━━━ Given records ━━━

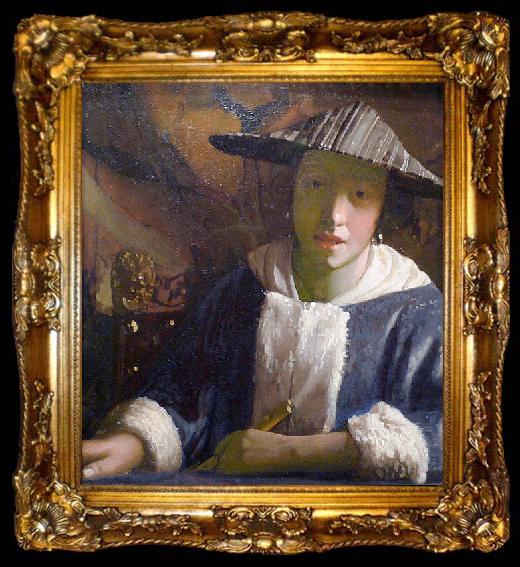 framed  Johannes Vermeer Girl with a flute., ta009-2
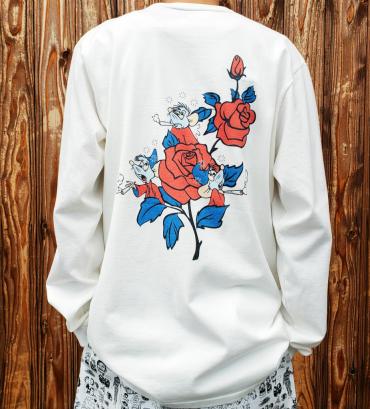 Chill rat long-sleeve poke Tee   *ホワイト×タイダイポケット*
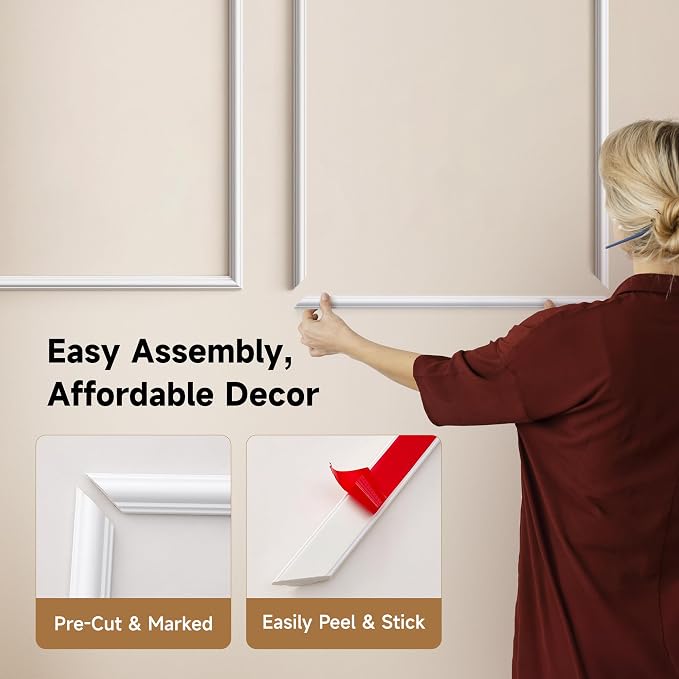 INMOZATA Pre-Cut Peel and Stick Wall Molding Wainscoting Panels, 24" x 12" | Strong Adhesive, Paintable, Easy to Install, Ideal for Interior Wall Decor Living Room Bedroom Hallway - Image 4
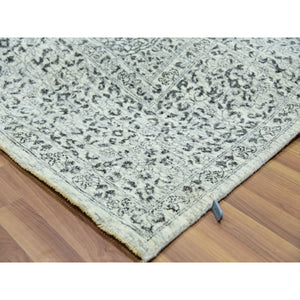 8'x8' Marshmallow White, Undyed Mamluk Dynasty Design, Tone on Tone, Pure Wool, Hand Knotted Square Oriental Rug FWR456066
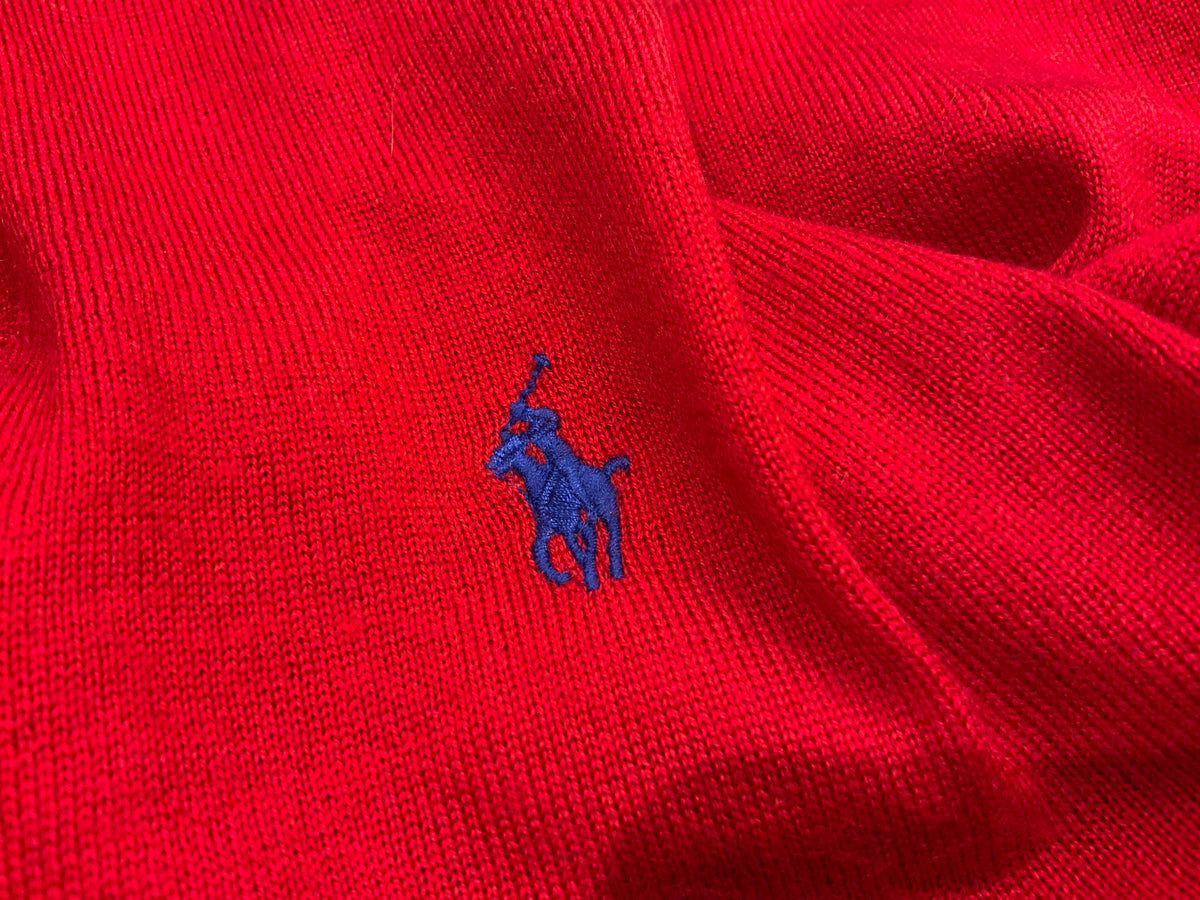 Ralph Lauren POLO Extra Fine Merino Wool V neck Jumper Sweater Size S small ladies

━━━

Task objective:
All pictures must be left out. Reproduce exactly the lines from the one containing "8'x8' Marshmallow White, Undyed" to the final line of the entries.

Exercise result:
 8'x8' Marshmallow White, Undyed Mamluk Dynasty Design, Tone on Tone, Pure Wool, Hand Knotted Square Oriental Rug FWR456066
 Ralph Lauren POLO Extra Fine Merino Wool V neck Jumper Sweater Size S small ladies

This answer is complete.